Truth Conquers
"Work Smarter Not Harder" Is This Generation's Big Lie
By David Tirsch
Dec 1, 2003 - 11:24:00 PM

***image1***I am going to tell you a story about a "Webmaster."  Most of you know exactly what that is, while the ones of you that don't, probably think a "Webmaster" is someone that is a cross between Spiderman and a Dominatrix, and, in a dungeon somewhere deep in the heart of Hollywood, you would be right!  But for the sake of this article a Webmaster is someone who creates, promotes, and manages an internet website.  He is the "Master of the Web" and, eBay aside, anyone with an ounce of success with an internet based business knows that your Webmaster is the most important part of your online presence. 

 

Anyway, I employ a Webmaster, who I will call Phil for the sake of this article.  He is very talented at what he does.  I run several websites, and he manages just about all of them.  Phil is about 25 years old, barely squeaked through high school, and lives off of Taco Bell and Beer.  As much talent as he has, he has no motivation to work, zero, nada.  I have to push him along like a child in every facet, forcing him to complete projects.  He has been working on an upgrade of one of my websites for about 8 months now, with no end in sight.  He is like the painter from the Murphy Brown show that never finished painting Murphy's house (in 10 seasons!), but without the wit, humor and bubbly personality.  If it weren't for the facts that I've been working with him for 4 years, and he is so entrenched in my business, I would have canned him a while ago. 

 

This problem really is that he doesn't get paid until he finishes projects.  He is always broke and all he would need to do is finish projects in a timely manner and he would have a lot of money.  Over the last four years, I've tried explaining this to him, but his excuse is always that he is frustrated.  Frustrated because he hasn't made his millions yet.  Frustrated that he doesn't have a Ferrari, a Condo on the beach (with plasma screens and PlayStations in every room) and a beautiful blonde waiting for him in his bed.  When I tell him that he needs to pay his dues and work his way up, he doesn't comprehend that concept.  For some reason he feels that he was cheated because a genie never appeared and snapped his fingers to make him successful beyond his imagination.  Almost as if success is an entitlement.  I couldn't figure out why he thought this, and then it hit me.

 

He is a by product of the self-esteem generation.  He was raised in an era where schools shifted their concerns from classical education and focused on feeling good about one's self regardless of performance.    Where students were told they can be anything that they want to be, and to reach for the stars, but were never told that there is a long journey to get there.  The journey is forgotten with this generation. 
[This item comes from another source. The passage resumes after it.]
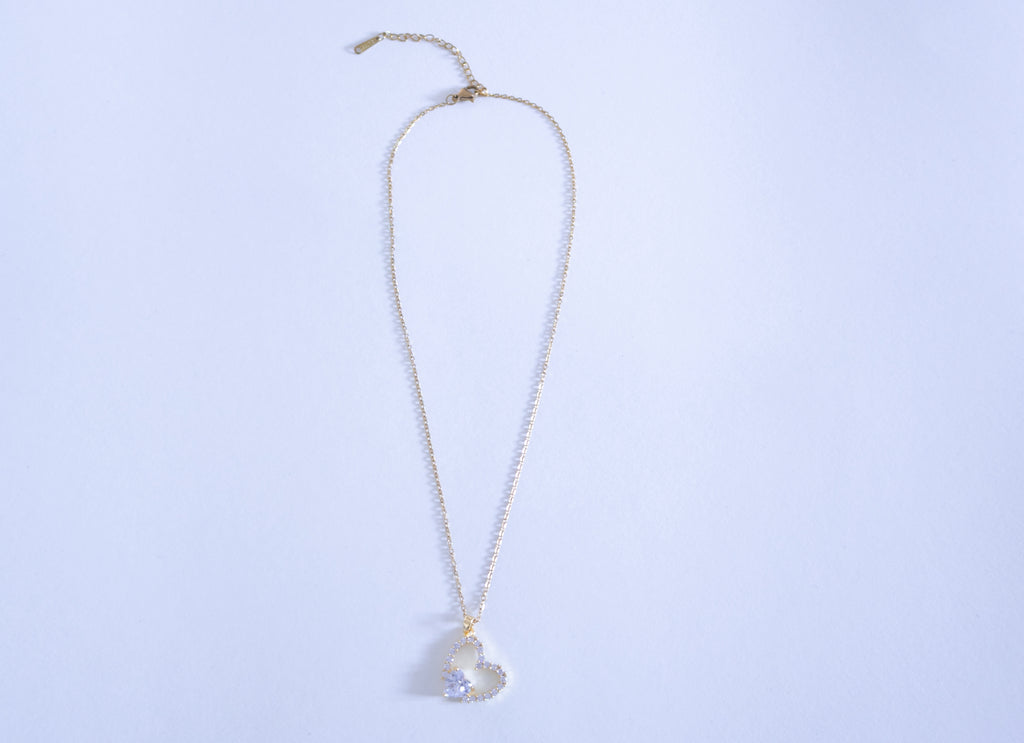 Gold Open Sparkling Crystal Heart Necklace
This is the generation that was raised on playing sports without keeping score as to not hurt the feelings of those that lost.  The first place team , the last pla ce team, and all those in between received trophies as rewards for their participation, regardless of how hard each player tried and how well the team performed. Each team was rewarded equally with positive re-enforcement and there was no victory.  Nothing to strive for, or work hard for.  No Reward.  What is the incentive to perform at your best when the reward is exactly the same for performing at your worst?  Why would someone want to excel to the next level when they are taught that whether they work hard or not, they will get the same results.  They learned that working less will yield the same reward as those that work hard.

 

They were the ones that left school in the tail end of the dot.com era where anyone with a computer made a fortune.  Easy money. 

 

It is no wonder that Phil will continue to sulk in his own anger that the silver platter he was promised was never handed to him., and unfortunately he will be a victim of the instant gratification generation that was told they can be all they want to be, but never told that they had to work hard to achieve it.   I don't know if he can cope with the fact that the lies told to him growing up that he will have success no matter what effort he commits doesn't apply to the real world.  

 

As critical as I am of this generation of what some people call the "quarter lifers," I am sure the generation before mine thought we were slackers, too.  What happened to our old fashioned American roots of hard labor reaps rewards, instead of "working smarter not harder" which is turning out to be this generations biggest lie.